Let's say you're an agent representing an organization that helps a group of needy people. But within the agency, there are rules that say you cannot meet with individuals one-on-one. This bothers you, because you believe that one-on-one contact is necessary in order for you to show compassion.
Let's say you're a teacher. A student who is not well-versed in English handed in a paper that is difficult to decipher. You see that the student made an honest effort and you want to be able to recognize this effort beyond the language barrier. You also know that culturally, this student must get a certain grade in order to be considered honourable within their family and community. But the system does not permit you to mark a student's paper on anything but what has been adopted within the curriculum. Part of that is a working understanding of the English language.
Are these rules really stifling an attempt at showing kind-heartedness? Or is it your definition of how you show compassion the real culprit?
When we put limits on what acts qualify as being compassionate, are we not then the ones responsible for our own lack of compassion?
And this says nothing of the world we've labeled "non-compassionate".
Compassion denotes the ability to be understanding. To be able to put ourselves in the shoes of others. To see the situation or circumstances behind the act or decision.
So by virtue of this description, when we label anything as "non-compassionate", are we not preventing ourselves from being compassionate toward what we've labeled? Heady yes. But this is worth examining.
We often don't understand why rules exist as they do. We are quick to judge, not so quick to see what I call the whys and fore-art-thous.
In the first example, perhaps the rule preventing one-on-one contact was put in place because the needs of the many must outweigh the needs of one.
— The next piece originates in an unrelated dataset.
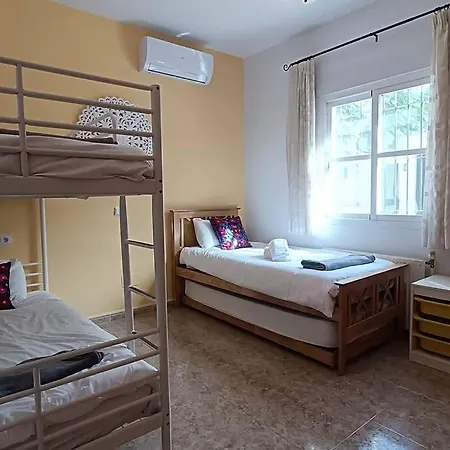 Dos Torres - Perfect Family Vacation Villa *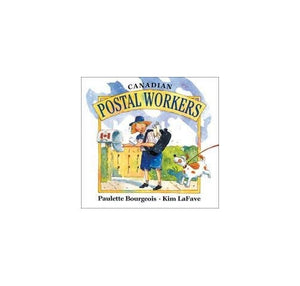 Canadian Postal Workers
Perhaps someone once did meet one-on-one and made a decision for that one person that compromised the many. Therefore, the rule was adopted to prevent further compromises.
In the second example, perhaps the marking rules are in place because other teachers find it impossible to mark based on the subjectivity that you would like to implement.
My point is, there are reasons for everything. And when we recognize the reasons and bring understanding into the picture rather than judgment, we are exhibiting a form of compassion.
Don't get me wrong. I'm not advocating a laissez faire attitude. Not at all. If you believe there is a fundamental unfairness to whatever the rule may be, then make the choice to work toward change, from a place of understanding.
But regardless of whether or not you deem the rules to be fair, do those rules and regulations have to stop you from being compassionate toward the person you actually want to help? The answer lies in just how limiting your beliefs are about how to show compassion.
Is one-on-one direct contact the only way to show your empathy? Or can you show it with a loving smile?
Is there another way to show compassion to the student other than grading the paper higher? What about telling the student what you do recognize, even though your hands are tied about the grade you can give? What about offering encouragement?
Don't make the mistake of discounting what seems the simplest acts. Compassion does not necessarily lie in acts of grandness. It can lie in some of the smallest, even imperceptible ones.
When we limit ourselves in how to actually show compassion in any given situation, we miss the opportunity to discover new ways in which to show it. But when we look at each situation as yet another opportunity for discovery, then we will find new, perhaps even more impact-full ways to show our kind-heartedness.